For some reason I do not observe transfer overlap in Nsight Systems timeline despite the fact that transfers are done in separate streams, data is transferred from/to paged memory, and there are no dependencies between streams. deviceQuery.exe reports ‘3 copy engines’, so it seems that simultaneous sending/receiving should be possible on this GPU.

What might be going wrong?
I am on Windows 10.

Thank you

Compute/transfer overlap seems to be working OK (there are 3 streams in total: compute, read, write).

windows 10 command batching in WDDM mode can get in the way of observing the desired concurrency scenarios. Whether or not it is impacting your case I cannot say.

Hi Robert,

thank you for your helpful reply. Indeed it seems that calling cuStreamQuery() for the stream where copying to GPU takes place right after enqueuing the copy operations helps to achieve read-write overlap.

Any recommendations on when I should force software queue flushing by calling cuStreamQuery() to improve performance?

My recommendations:
Switch to linux.
Or switch to a GPU that can be placed in TCC mode on windows.

OK, thank you.

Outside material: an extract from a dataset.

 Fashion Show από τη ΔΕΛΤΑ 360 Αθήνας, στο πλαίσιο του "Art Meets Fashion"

I wish I could…

regarding stream query flushing of the command queue, the only thing I can suggest is what has been commented on already. Since you came up with the idea on your own in this thread, I’m assuming you may have already read some of Greg’s description. I can’t offer any advice beyond that.

despite the fact that transfers are done in separate streams, data is transferred from/to paged memory, and there are no dependencies between streams.

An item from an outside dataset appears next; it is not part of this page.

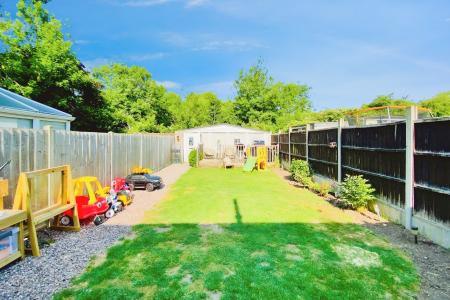 2 bedroom Semi-detached house for sale in Park Drive, Leicester Forest East, LE3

If the host memory buffer is page-able then the CUDA driver has to do one of the following:

  1. If the transfer is H2D and the size is small then the driver copies the data into the command buffer and uses the GPU front end to copy the data.
  2. If the transfer is H2D then the CUDA driver copies the data from a page-able buffer into a driver own pinned buffer and uses the copy engine to transfer the data. If the size is larger than (1) then this is repeated.
  3. If the transfer is D2H then the CUDA driver uses the copy engine to copy from device to a driver owned pinned system memory buffer and once complete uses the CPU to copy the data to the final host buffer. If the size is large than the driver owned buffer this is repeated multiple times.

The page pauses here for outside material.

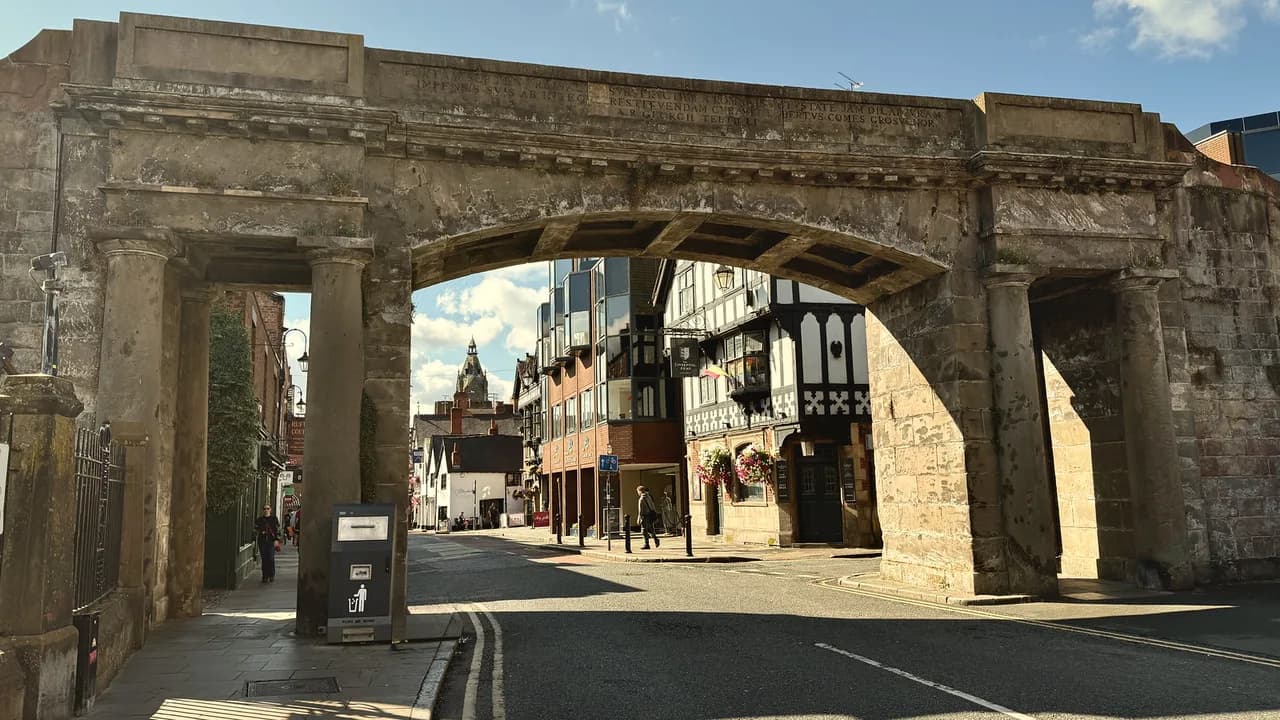 Medieval Chester: Walls, Rows and Streets to Walk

In order to get concurrent transfers the recommended strategy is to pin the host buffer. It may be possible to use two different CPU threads to get the driver to support concurrency; however, I believe the CUDA driver still has a critical section and will let one memory copy be active in the driver per context.

Thank you Greg. It was a typo in my original question. Data is transferred from/to pinned memory, not paged. It seems that calling cuStreamQuery() every now and then sufficiently improves overlapping. The timeline is still not as neat as it would be in TCC mode, but I guess we have to live with it.

How about a dedicated ‘cuFlush’ API function (OpenCL has it (clFlush), CUDA does not – any good reason for that)? Any plans to extend TCC support to RTX Ti-series GPUs? I believe this is a sales/marketing decision rather than a technical one.